- May 1, 2023
- Posted by: Philip Struble
- Category: Uncategorized
“This is a trap worth avoiding.”
The Best Thing Since Sliced Bread
The idiom, ‘greatest thing since sliced bread,’ is sometimes used to describe something or someone that one thinks is very good, useful, etc.
In 1928, the Chillicothe Baking Company became the first company to sell sliced bread. Its advertising for the newly invented sliced bread included the sentence: “The greatest forward step in the baking industry since bread was wrapped.”
Many sources say the first record of this idiom is thought to be in 1952 when the famous comedian Red Skelton said in an interview with the Salisbury Times: “Don’t worry about television. It’s the greatest thing since sliced bread.”
Since that point in time, there have been a lot of things “greater” than sliced bread (and greater than television, for that matter).
Many people attempt to identify what is the best ever.
Several minutes on the internet reveal the best ever meatloaf, jeep, chili recipe, book, movie, banana bread, handgun, gift card, and pinball machine. This list is possibly infinitely long and never correct – my wife has the best ever chili recipe, and it’s not the one found on the internet.
The problem with best ever is, first, it is subject to opinion, which means it is not factual – and probably not even close to being factual.
Second, even if it is factual —say, for example, television is the greatest thing since sliced bread—it’s not true for long.

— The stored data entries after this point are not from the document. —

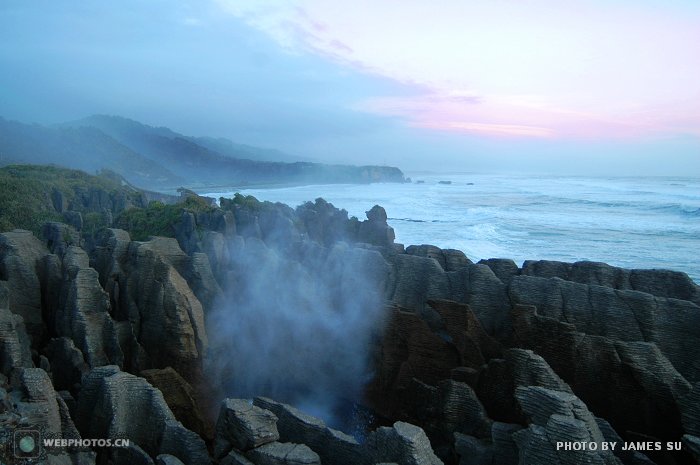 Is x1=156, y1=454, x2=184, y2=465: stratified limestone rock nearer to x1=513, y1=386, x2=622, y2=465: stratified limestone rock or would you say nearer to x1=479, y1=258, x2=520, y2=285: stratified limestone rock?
x1=513, y1=386, x2=622, y2=465: stratified limestone rock

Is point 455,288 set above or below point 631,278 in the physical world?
below

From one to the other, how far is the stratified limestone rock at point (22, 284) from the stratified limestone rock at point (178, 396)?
3.58 m

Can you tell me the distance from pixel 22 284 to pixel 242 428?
7119 millimetres

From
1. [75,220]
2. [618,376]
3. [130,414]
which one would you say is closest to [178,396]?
[130,414]

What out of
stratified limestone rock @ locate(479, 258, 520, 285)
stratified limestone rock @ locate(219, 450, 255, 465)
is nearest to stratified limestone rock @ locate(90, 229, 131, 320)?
stratified limestone rock @ locate(219, 450, 255, 465)

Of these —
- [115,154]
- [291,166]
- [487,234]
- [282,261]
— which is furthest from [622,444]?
[291,166]

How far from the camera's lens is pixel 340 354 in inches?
440

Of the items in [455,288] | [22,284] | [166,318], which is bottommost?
[166,318]

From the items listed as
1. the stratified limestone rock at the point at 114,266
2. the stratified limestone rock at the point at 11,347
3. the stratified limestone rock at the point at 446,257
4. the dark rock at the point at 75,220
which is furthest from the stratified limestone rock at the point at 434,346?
the dark rock at the point at 75,220

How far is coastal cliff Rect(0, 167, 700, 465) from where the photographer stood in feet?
22.0

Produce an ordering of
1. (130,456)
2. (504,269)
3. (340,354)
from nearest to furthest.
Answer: (130,456) < (340,354) < (504,269)

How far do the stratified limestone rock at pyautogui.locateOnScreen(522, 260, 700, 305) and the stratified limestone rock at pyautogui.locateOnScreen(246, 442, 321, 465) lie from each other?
727 cm

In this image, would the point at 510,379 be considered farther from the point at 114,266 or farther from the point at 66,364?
the point at 114,266

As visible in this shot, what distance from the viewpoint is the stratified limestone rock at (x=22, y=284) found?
10.7 meters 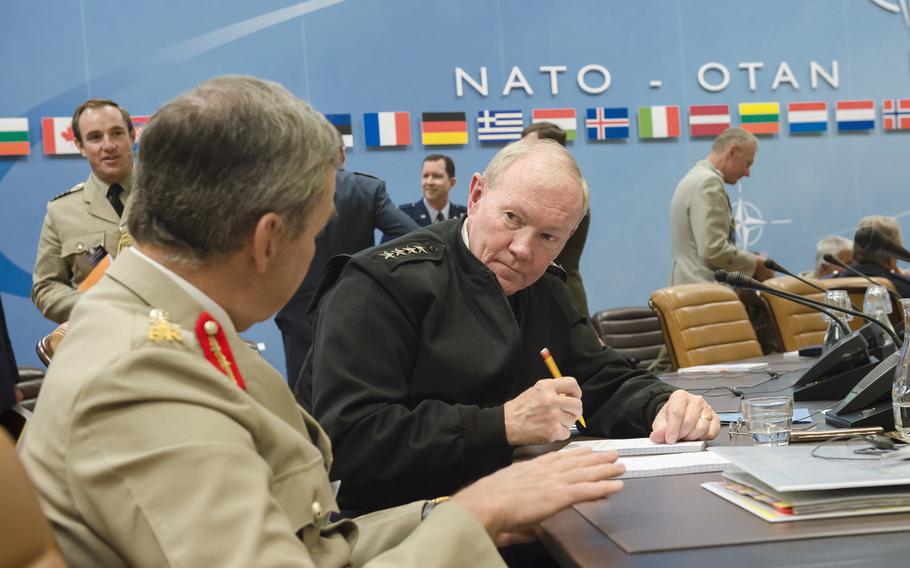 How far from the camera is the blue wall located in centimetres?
538

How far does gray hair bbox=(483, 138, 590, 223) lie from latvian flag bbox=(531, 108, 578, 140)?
4203 mm

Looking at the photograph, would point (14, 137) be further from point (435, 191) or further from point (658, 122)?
point (658, 122)

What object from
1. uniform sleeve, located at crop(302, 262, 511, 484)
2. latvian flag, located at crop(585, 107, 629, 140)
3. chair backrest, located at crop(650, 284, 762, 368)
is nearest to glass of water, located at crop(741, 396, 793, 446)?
uniform sleeve, located at crop(302, 262, 511, 484)

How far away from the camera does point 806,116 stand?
676 centimetres

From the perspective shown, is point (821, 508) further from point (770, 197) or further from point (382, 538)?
point (770, 197)

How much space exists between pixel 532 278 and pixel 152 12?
4276 mm

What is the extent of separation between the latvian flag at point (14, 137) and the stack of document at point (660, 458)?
4.49 m

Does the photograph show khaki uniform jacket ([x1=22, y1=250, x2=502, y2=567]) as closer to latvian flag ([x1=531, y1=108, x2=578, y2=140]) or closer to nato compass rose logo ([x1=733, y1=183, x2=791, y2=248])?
Result: latvian flag ([x1=531, y1=108, x2=578, y2=140])

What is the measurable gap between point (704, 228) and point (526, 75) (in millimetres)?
1586

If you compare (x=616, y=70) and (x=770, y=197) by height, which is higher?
(x=616, y=70)

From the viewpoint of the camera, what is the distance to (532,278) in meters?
2.08

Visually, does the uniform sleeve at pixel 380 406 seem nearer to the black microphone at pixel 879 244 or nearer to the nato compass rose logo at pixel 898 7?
the black microphone at pixel 879 244

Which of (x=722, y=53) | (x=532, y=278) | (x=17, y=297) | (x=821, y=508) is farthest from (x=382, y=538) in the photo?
(x=722, y=53)

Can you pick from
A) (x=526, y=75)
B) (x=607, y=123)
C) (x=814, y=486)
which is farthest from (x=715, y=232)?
(x=814, y=486) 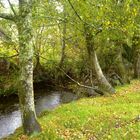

Best ever is a victim to change.
To get to be best ever means that something had to change for it to become best ever. Then, in all likelihood, something will change so that it is no longer best ever.
As Seth Godin elaborates,
“And change is fleeting. And change changes us. We can’t step in the same river twice, because the second time, the river itself has changed.
The pressure we put on ourselves for every project to be “the best ever” experience creates a shallow race for bling instead of a deeper, more useful focus on what’s actually possible.
Seeking to rank our experiences takes us out of the moment. It turns us into sportscasters, spectators, and statisticians. We end up comparing our wedding or our box office numbers or our tweet stats not only to our own best ever, but to the stats of others.
This summer is unlikely to be your best summer ever. But it will be a summer, and it’s up to each of us to decide what to do with it.”
Too many of us are too busy driving the best ever car, living in the best ever neighborhood, and sending our children to the best ever school.
The unfortunate news is that none of these are the best ever of anything. And attempting to label them as such robs us of simply enjoying them.
The solution for this best ever syndrome is found in scripture. The need to describe something as best ever is overcome by examining our attitude toward contentment.
The Apostle Paul writes in 2 Corinthians 12:9–10,
But he said to me, “My grace is sufficient for you, for my power is made perfect in weakness.” Therefore, I will boast all the more gladly of my weaknesses, so that the power of Christ may rest upon me. For the sake of Christ, then, I am content with weaknesses, insults, hardships, persecutions, and calamities. For when I am weak, then I am strong.
We don’t need the best ever. Many people will always have better, and many will lack what we have. We need to be content with what we have.
Psalm 34:10 says,
The lions may grow weak and hungry, but those who seek the LORD lack no good thing.
The Lord will provide all that we need.
And in that, we will discover the true Best Ever – our God, Sovereign Lord, Creator, and Redeemer.